An often forgotten, but very important IRS form is the 8594. Both the seller and purchaser of a group of assets that makes up a trade or business must use Form 8594 to report such a sale if goodwill or going concern value attaches, or could attach, to such assets and if the purchaser's basis in the assets is determined only by the amount paid for the assets.

Form 8594 must also be filed if the purchaser or seller is amending an original or a previously filed supplemental Form 8594 because of an increase or decrease in the purchaser's cost of the assets or the amount realized by the seller.

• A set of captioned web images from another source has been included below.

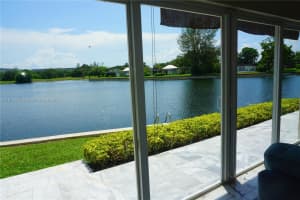 4511 King Palm Dr Tamarac, FL 33319 - MLS#A11913356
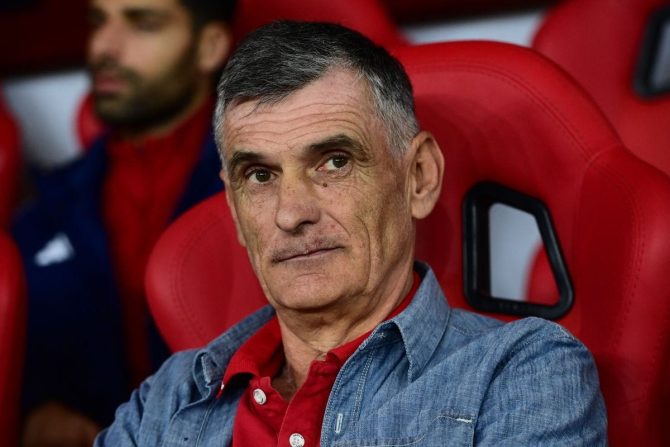 Μεντιλίμπαρ: Υποψήφιος για ομάδα της La Liga ο Βάσκος προπονητής
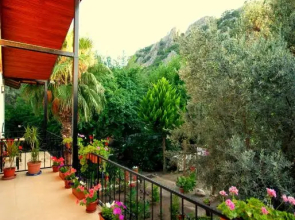 Cemils Guest House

Both the purchaser and seller must file Form 8594 and attach it to their income tax returns (Forms 1040, 1041, 1065, 1120, 1120-S, etc.) in the year of sale when there is a transfer of a group of assets that makes up a trade or business (defined below) and the purchaser's basis in such assets is determined wholly by the amount paid for the assets.

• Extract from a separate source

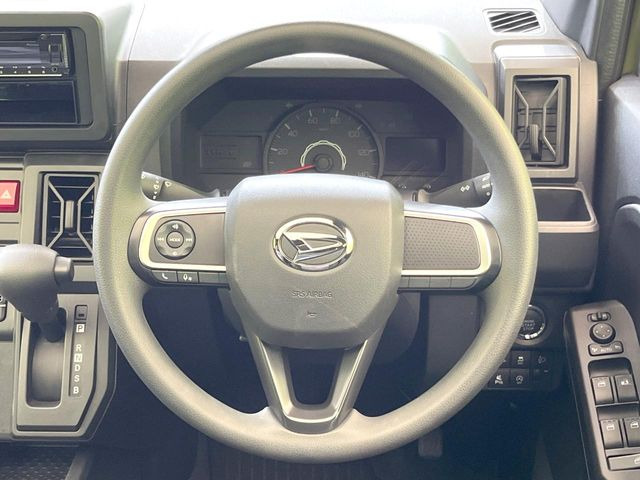 インテリアに合わせたデザインのステアリングは、運転される方のことも考え、運転しやすい形状、大きさです。是非一度、実際に触ってお確かめください。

This applies whether the group of assets constitutes a trade or business in the hands of the seller, the purchaser, or both.

If the Form 8594 is not filed with a tax return by the due date of the return and reasonable cause cannot be shown, a penalty under Sec 6721, may be imposed. The 2022 Sec 6721 penalty is $290, reduced to $50 if corrected within 30 days and $100 if corrected by August 1st.

The form allocates the businesses sales price among several categories based upon the sales agreement or if no sales agreement then by the “residual method”.

The residual method requires that all assets of an acquired business be divided into seven classes:

  • Class I: Cash and cash equivalents.
  • Class II: Certificates of deposit, U.S. government securities, readily marketable securities, foreign currency.
  • Class III: Assets the taxpayer marks to market at least annually for tax purposes, including accounts receivable.
  • Class IV: Stock in trade or other property that would be included in inventory if on hand at the close of the tax year, property held primarily for sale to customers.
  • Class V: All assets other than Class I, II, III, IV, VI and VII assets (generally including furniture and fixtures, buildings, land, vehicles, and equipment, which constitute all or part of a trade or business).
  • Class VI: Code Sec. 197 intangibles, except goodwill and going concern value.
  • Class VII: Assets in the nature of goodwill and going concern value.

The purchase price (reduced by Class I amounts) is allocated successively to the assets in Classes II through VI based on their fair market value. The excess (residual) of the purchase price over the values of Class I through VI assets is goodwill and going concern value.